Jadi ingat nih ada kejadian luar biasa akhir-akhir ini. Dua bulan lalu siang bolong gua denger si mbak tereak histeris tapi karena orangnya suka lebay gua cuekin, cuma suruh BS liatan ada apa, tapi gak lama berdua tereak bersahut-sahutan ngalahin Bianca Castafiore. Tetangga sebelah yang lagi renovasi aja sampai nyembulin kepala pada. Lari dong gua ke bawah, eh si mbak lagi ambil kayu buat mukulin ular yang meliuk-liuk. Di bilang gede sih kagak tapi bukan ular kecil juga, ada bangsa semeter deh. Tapi karena panik, pukulannya hanya kena ke badan, bukan kepala. Alhasil si ular melipir pergi masuk selokan. Sementara tukang-tukang sebelah cuma kasih instruksi bukannya bantuin, Ciiih!

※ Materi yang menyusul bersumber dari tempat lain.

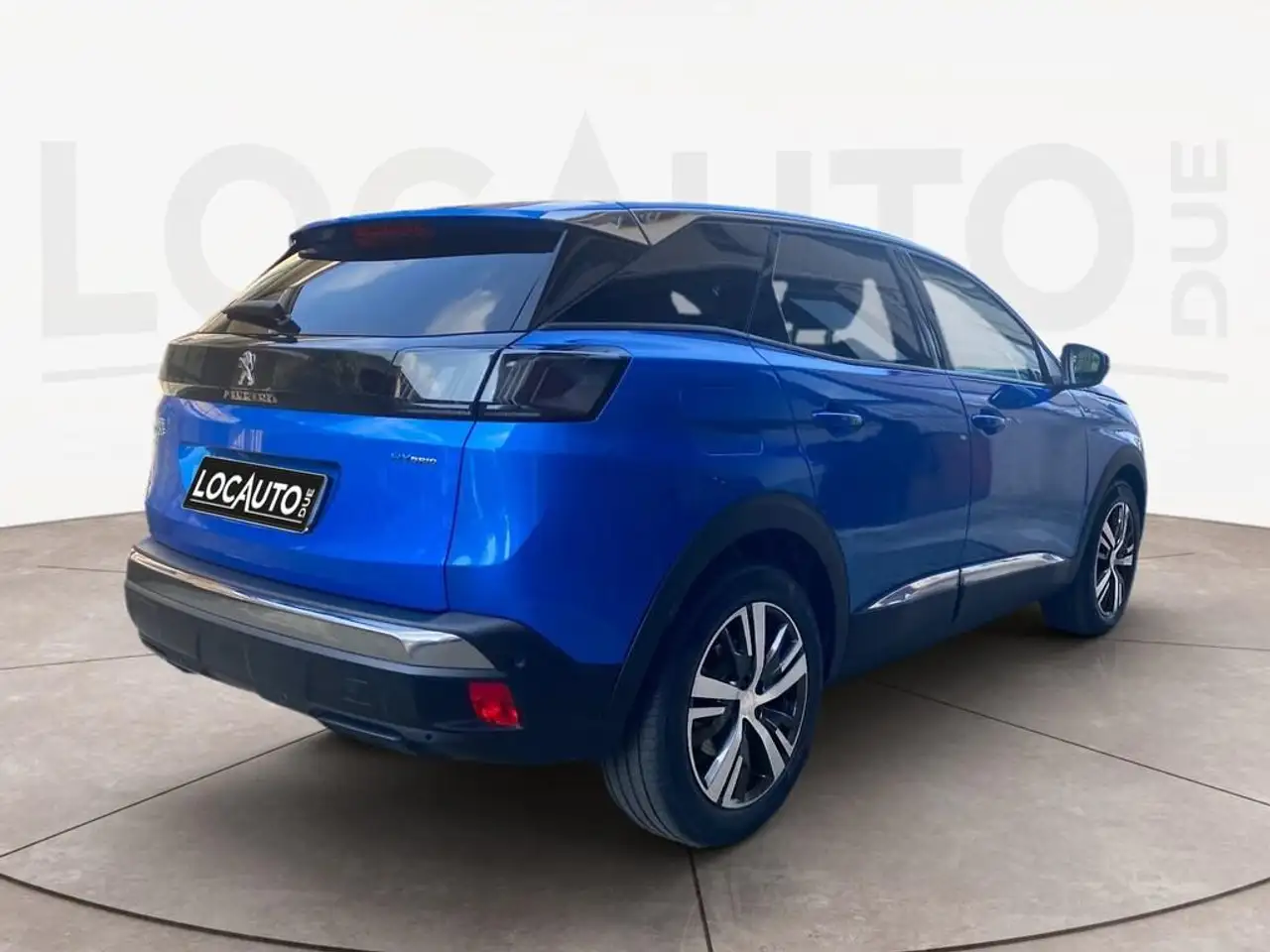 Peugeot 3008 1.6 hybrid Allure 225cv e-eat8 - PROMO 29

Terus kemarenan tukang keluarga gua suruh nguras bak, sekalian dia rapiin pohon mangga tetangga yang cabang-cabangnya merangsek liar ke halaman rumah gua, dan bikin kabel telpon gua ketarik. Pagi-pagi gua minta izin dulu si empunya pohon dan katanya silahkan aja. Sore-sore selesai tugasnya yang lain, naeklah si tukang. Ini pas gua gak di rumah dan cuma diceritain. Pas dia lagi gergaji kok tiba-tiba badannya ada yang sakit-sakit. Ternyata oh ternyata dia udah mulai dirubung tawon. Untungnya selain kulitnya setebal pohon, lumayan pinter juga. Dia pikir kalau panik, terus buru-buru turun yang mana akan bikin makin banyak tawon datang, dia diam aja gak gerak. Gak berapa lama pergi deh tawon-tawon itu. 

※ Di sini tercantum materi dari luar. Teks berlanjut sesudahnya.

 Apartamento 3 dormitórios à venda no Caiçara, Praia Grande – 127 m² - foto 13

Habis itu baru dia ngeliat ada sarang tawon guedeee! Kira-kira seukuran 2 helm orang dewasa ada kali. Usut punya usut ternyata maid si empunya rumah juga udah kesengat pas metikin mangga beberapa bulan silam dan dilarikan ke RS. Kayaknya si trauma dan emang gak kerja lagi sih sejak itu. Jadi mereka emang udah tahu tapi gak ambil tindakan karena takut mindahin sarang tawon itu.Tapi ya, kok pas gua minta izin gak dikasih peringatan gitu, gua gak tahu lho sama sekali. Kan kasian kalau sampai tukangnya kenapa-kenapa, ya gak sih.

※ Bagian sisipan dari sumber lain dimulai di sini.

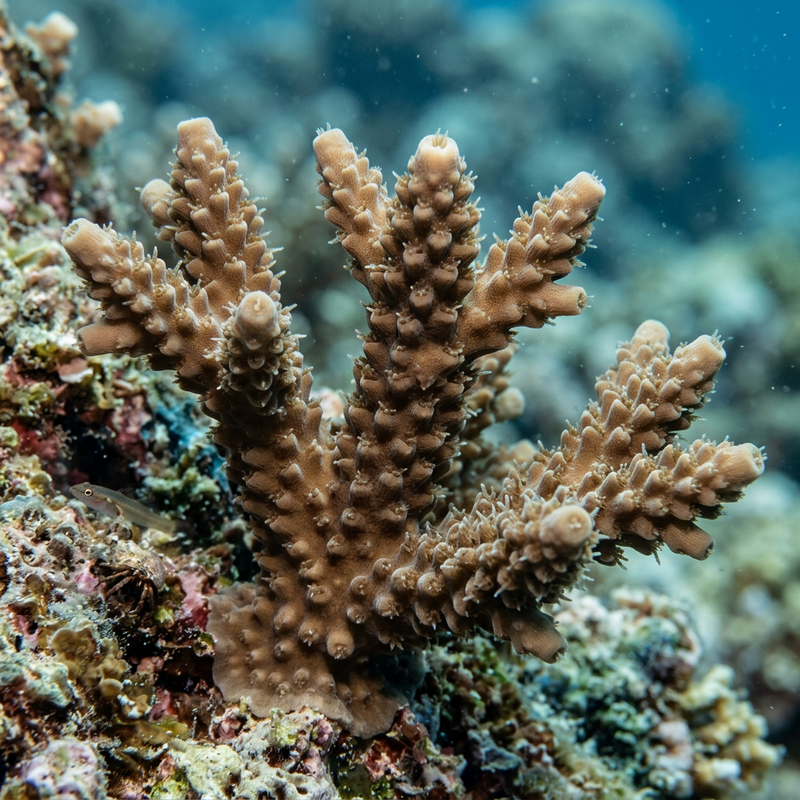 corail staghorn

Sampai sekarang sih bersyukur semuanya aman sentosa meskipun sport jantung. Kan katanya tawon itu kalau gak diganggu gak nyengat ya, betul gak? Ada yang punya pengalaman seperti gua atau ada yang tahu gak sih cara mindahin/ buang sarang tawon itu? Haha dari cuma mau cerita hotel gua jadi ingat makhluk2 tak diundang ini deh, ganti deh judulnya.